Le nationalisme au détriment de l’innovation ?

« Vous [les entreprises] êtes le poumon de notre économie ». C’est ainsi que Marine Le Pen, la candidate du Rassemblement National (RN) a commencé son discours à Station F. Elle souhaite ainsi constituer des champions, européens, mais aussi mondiaux et renouer avec la prospérité. Replacer les entreprises au cœur de la société, et remettre l’Etat à son juste crédo. La candidate veut « réserver l’essentiel de la commande publique aux entreprises qui créent emploi et richesse chez nous » et inciter à la consommation française. Marine Le Pen veut par ailleurs inciter les jeunes à rester en France et à créer de la valeur sur le territoire. Elle a rappelé sa volonté de supprimer l’impôt sur les revenus pour les moins de 30 ans et d’exonérer d’impôt sur les sociétés pendant cinq ans toute entreprise créée par un jeune de moins de 30 ans.

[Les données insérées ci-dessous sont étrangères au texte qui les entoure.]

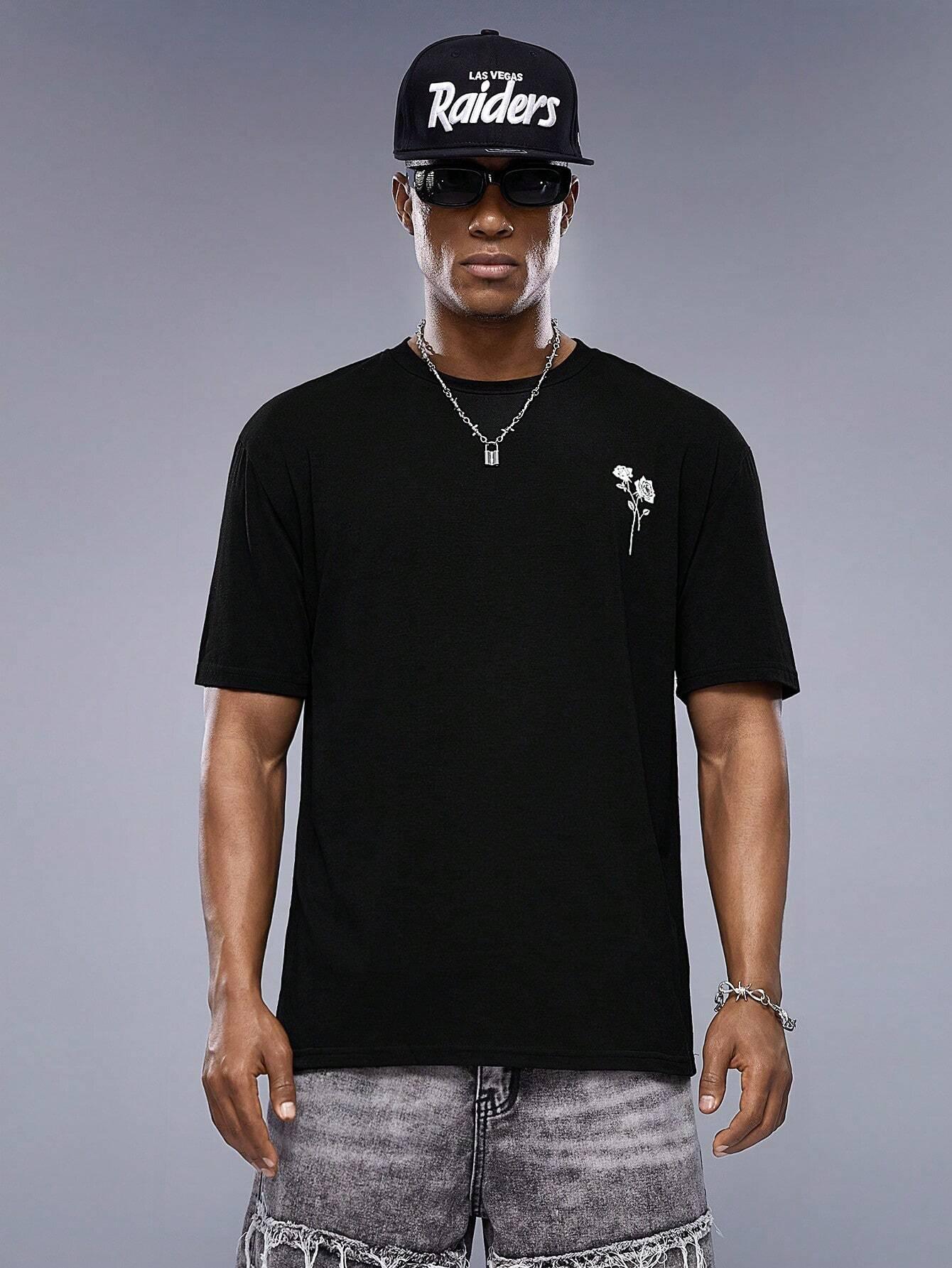 Camiseta Básica Unissex Not Bound Rose Flower frente - preto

Enfin, le dernier candidat à présenter ses mesures, Eric Zemmour, candidat Reconquête, a passé la première partie du temps imparti à critiquer le quinquennat d’Emmanuel Macron. S’adressant aux chefs d’entreprises et entrepreneurs, il a poursuivi ainsi, « je vous admire. Je vous admire plus encore quand je vois les conditions économiques dans lesquelles vous travaillez, le système français ne vous facilite guère la tâche : la fiscalité, les taxes, les réglementations nationales et européennes sont autant d’obstacles sur le chemin de votre réussite ». Ainsi, le candidat souhaite aller à la reconquête de la souveraineté économique, et mettre en place « un mécanisme de bons de commande publics européens permettant à chaque Etat d’en réserver une part à ses entreprises nationales ». « Si je n’obtiens pas gain de cause, je le ferai en France », menace-t-il. Plus encore, Éric Zemmour propose une baisse de 30 milliards d’euros des impôts de production.

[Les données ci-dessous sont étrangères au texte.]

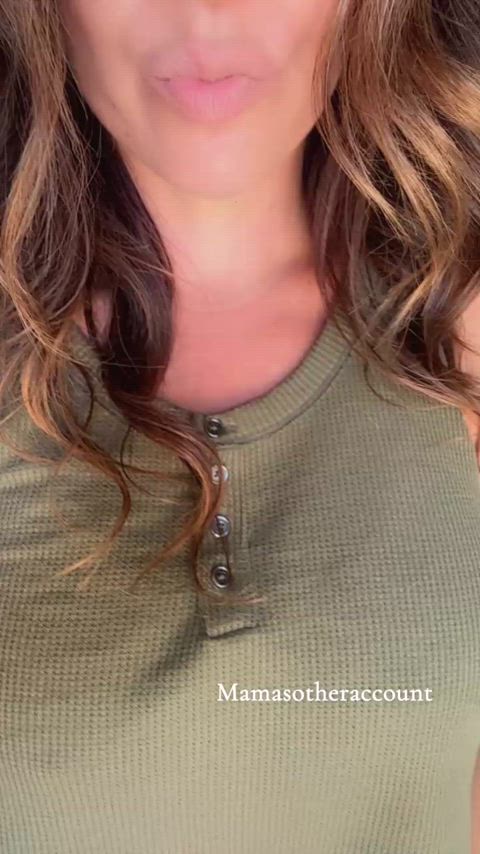 Just a cute 40yo milf next door with a decent rack.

La souveraineté passe aussi par le besoin d’un numérique souverain estime le candidat. « Nous jetterons les bases de notre souveraineté numérique en faisant émerger des solutions souveraines dans le cloud et la cybersécurité notamment ». Enfin, sur la question de l’emploi de talents étrangers, le candidat s’est vivement opposé à cette idée. « Il y a des talents en France, il faut les former, il faut aller les chercher et on règlera une grande partie du problème » précise-t-il. « J’étais la semaine dernière chez Ledger et eux utilisent des étrangers, mais ils les utilisent chez eux, dans leurs filiales, je trouve ça très bien chez eux mais pas chez nous ». Eric Zemmour estime ainsi que « le problème de la France est l'immigration, même de la main-d'œuvre qualifiée, hyper qualifiée, j'estime qu’il faut arrêter toute immigration ».

Même si l’on peut saluer l’initiative - après celle du Syntec-Ingénierie - et la bonne participation des six candidats, l’exercice de style devant le président du Medef dans un lieu symbolique - la Station F - interroge quand au programme flottant de certains candidats. Que faut-il comprendre des nouvelles prises de position face à un public essentiellement constitué de chefs d'entreprises ? Le principal syndicat patronal français doit-il adouber son candidat favori ? L'auditoire aura été attentif tout au long de ces débats, souriant même à certaines des propositions et il ne fait aucun doute que certains candidats auront su faire rêver les entrepreneurs. Reste un constat évident : la pauvreté des propositions sur le numérique dans un lieu incarnant la start-up nation si chère à un candidat fantôme.